Security has been an important theme across recent Big Data Appliance releases. Our most recent release includes encryption of data at rest
and automatic configuration of Sentry for data authorization. This is in addition to the security features previously added to the BDA
, including Kerberos-based authentication, network encryption and auditing.
Auditing data access across the enterprise - including databases, operating systems and Hadoop - is critically important and oftentimes required for SOX, PCI and other regulations. Let's take a look at a demonstration of how Oracle Audit Vault and Database Firewall delivers comprehensive audit collection, alerting and reporting of activity on an Oracle Big Data Appliance and Oracle Database 12c.
In this scenario, we've set up auditing for both the BDA and Oracle Database 12c.
The Audit Vault Server is deployed to its own secure server and serves as mission control for auditing. It is used to administer audit policies, configure activities that are tracked on the secured targets and provide robust audit reporting and alerting. In many ways, Audit Vault is a specialized auditing data warehouse. It automates ETL from a variety of sources into an audit schema and then delivers both pre-built and ad hoc reporting capabilities.
For our demonstration, Audit Vault agents are deployed to the BDA and Oracle Database 12c monitored targets; these agents are responsible for managing collectors that gather activity data. This is a secure agent deployment; the Audit Vault Server has a trusted relationship with each agent. To set up the trusted relationship, the agent makes an activation request to the Audit Vault Server; this request is then activated (or "approved") by the AV Administrator. The monitored target then applies an AV Server generated Agent Activation Key to complete the activation.
On the BDA, these installation and configuration steps have all been automated for you.

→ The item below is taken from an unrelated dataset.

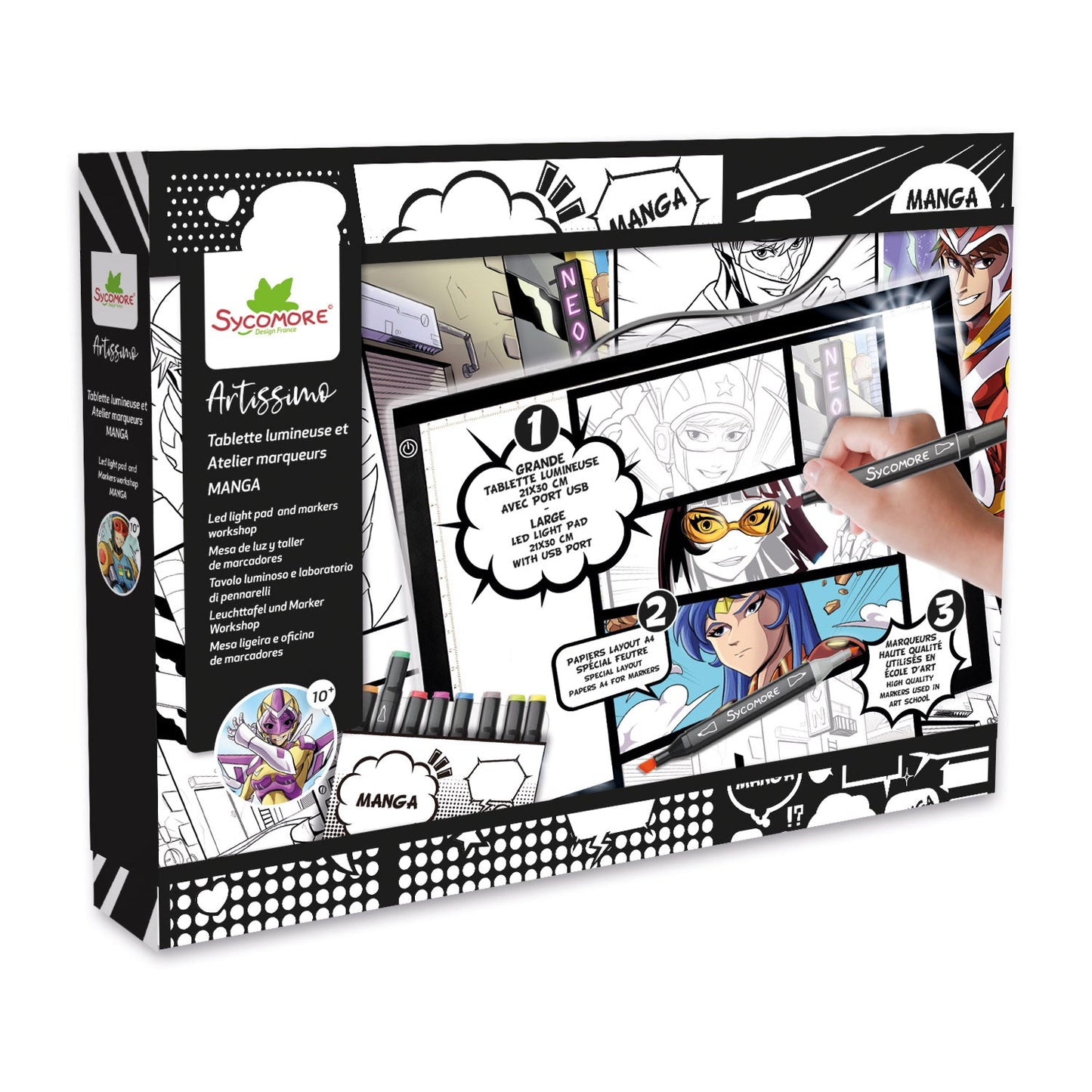 Manga - XXL+ Led Light Pad  And Markers Workshop - 10y+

Using the BDA's Configuration Generation Utility, you simply specify that you would like to audit activity in Hadoop. Then, you identify the Audit Vault Server that will receive the audit data. Mammoth - the BDA's installation tool - uses this information to configure the audit processing. Specifically, it sets up audit trails across the following services:
- HDFS: collects all file access activity
- MapReduce: identifies who ran what jobs on the cluster
- Oozie: audits who ran what as part of a workflow
- Hive: captures changes that were made to the Hive metadata
There is much more flexibility when monitoring the Oracle Database. You can create audit policies for SQL statements, schema objects, privileges and more. Check out the auditor's guide for more details. In our demonstration, we kept it simple: we are capturing all select statements on the sensitive HR.EMPLOYEES table, all statements made by the HR user and any unsuccessful attempts at selecting from any table in any schema.
Now that we are capturing activity across the BDA and Oracle Database 12c, we'll set up an alert to fire whenever there is suspicious activity attempted over sensitive HR data in Hadoop:
In the alert definition found above, a critical alert is defined as three unsuccessful attempts from a given IP address to access data in the HR directory. Alert definitions are extremely flexible - using any audited field as input into a conditional expression. And, they are automatically delivered to the Audit Vault Server's monitoring dashboard - as well as via email to appropriate security administrators.
Now that auditing is configured, we'll generate activity by two different users: oracle and DrEvil. We'll then see how the audit data is consolidated in the Audit Vault Server and how auditors can interrogate that data.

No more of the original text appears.